Ghosh, in his book on 'Hindu Law, 3rd Edn., Vol. I, at p. 404, says: "Property purchased with the income of the proceeds of the sale of ancestral property or with the ancestral moveables or with money borrowed on the security of ancestral property as well as any accretion to or improvement to an ancestral property by the efforts of one member have all the incidents of ancestral property attached to it."
 
Everyone thus appears to be agreed that before an acquisition can be claimed to be separate property it must be shown that it was made without any aid or assistance from the ancestral or family property. If the aid of the family property was employed for acquiring the property it must be shared by all the members of the family.
 
It will be noticed that in the original texts as well as in the various commentaries the expressions 'without detriment to the father's estate', 'without the use of father's goods', 'without prejudice to the ancestral property', 'by means of paternal wealth', 'without use of patrimony' and 'without the aid or assistance of ancestral or joint family property' are all unqualified by any word showing that the aid, use or detriment to the ancestral property was intended to be substantial before it could give to the acquired property the character of joint family property.
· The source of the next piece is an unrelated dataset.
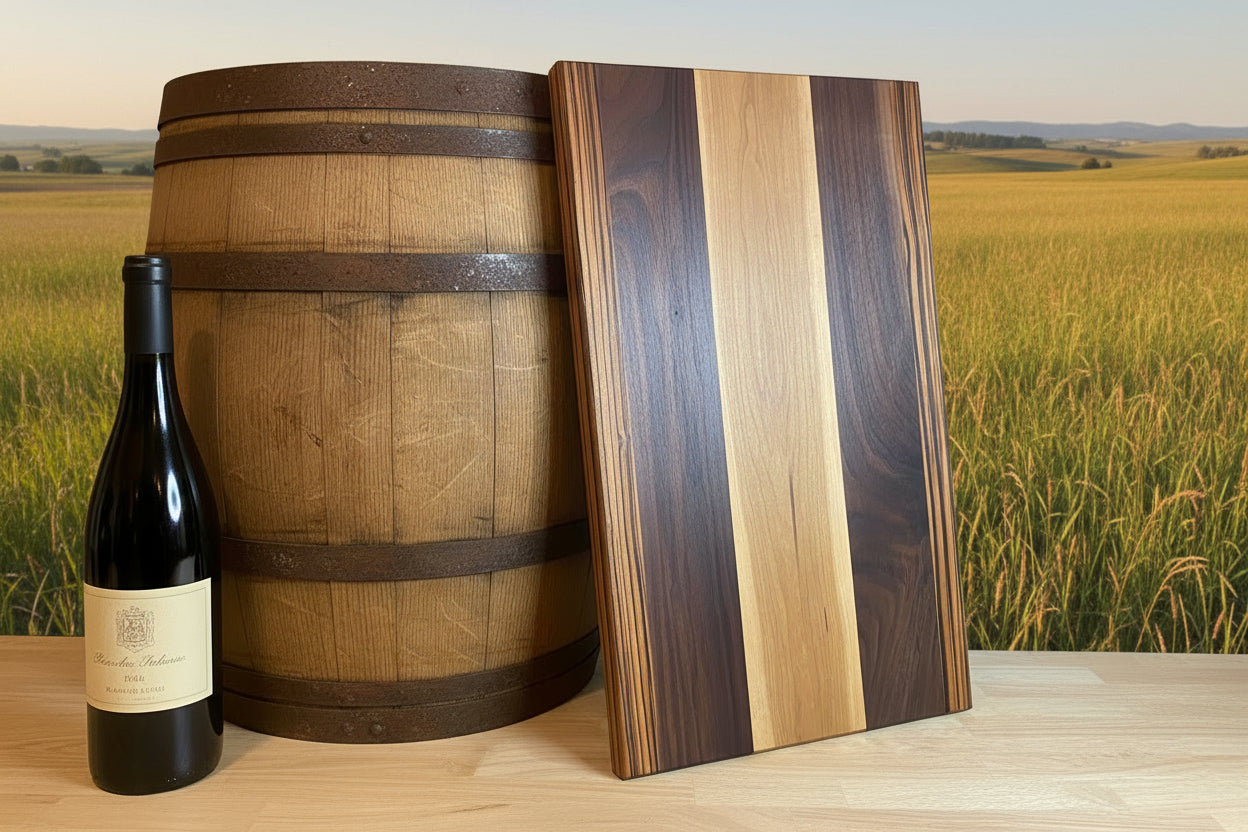 Wooden barrel, bottle of wine, and wooden cutting board against a field background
In his 'Outlines of the History of the Hindu Law of Partition, Inheritance and Adoption' (Tagore's Law Lectures, 1883), Dr. Julius Jolly observes at p. 97:
 
"It follows from the very nature of the joint family system that every ordinary acquisition becomes joint, no matter how much or how little each individual member of the family may have contributed to its being made. Supposing one co-parcener to have exerted himself far more than the others in the cultivation of the family estate, still the oxen and the plough and the field would be joint and the produce of his labour must need be joint as well."
 
In his 'Joint Property and Partition in British India' (Tagore Law Lectures, 1895-96), Sri Ram Charan Mitra states on p. 43:
 
'What would amount to an expenditure of patrimony so as to make the acquisition ancestral property was considered in Purtab Bahadur v. Tilukdhario 1807-1 Select Rep. 236 (C), and the principles laid down were that 'of several brothers living together in family partnership should one acquire property by means of funds common to the whole, the property so acquired belongs jointly to ail the brothers. Should, however, the means of acquisition, drawn from the joint fund, be of little consideration, and the personal exertions considerable, two Shares belong to the acquirer and one to each of the other brothers."